◆ PROBLEM STATEMENT: After locating the line with "VelvetBarbie online show", reproduce it and all following lines of the listing below exactly, stopping only at the final line.

◆ DATA PROVIDED:

::::

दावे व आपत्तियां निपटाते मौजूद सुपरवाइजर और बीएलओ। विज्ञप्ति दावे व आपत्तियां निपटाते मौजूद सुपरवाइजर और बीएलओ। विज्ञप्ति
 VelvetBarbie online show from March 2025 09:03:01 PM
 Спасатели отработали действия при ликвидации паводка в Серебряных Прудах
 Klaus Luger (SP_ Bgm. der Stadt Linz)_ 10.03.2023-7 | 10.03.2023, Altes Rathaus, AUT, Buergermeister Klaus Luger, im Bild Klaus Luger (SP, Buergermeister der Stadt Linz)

::::

◆ EXERCISE RESPONSE:
 VelvetBarbie online show from March 2025 09:03:01 PM
 Спасатели отработали действия при ликвидации паводка в Серебряных Прудах
 Klaus Luger (SP_ Bgm. der Stadt Linz)_ 10.03.2023-7 | 10.03.2023, Altes Rathaus, AUT, Buergermeister Klaus Luger, im Bild Klaus Luger (SP, Buergermeister der Stadt Linz)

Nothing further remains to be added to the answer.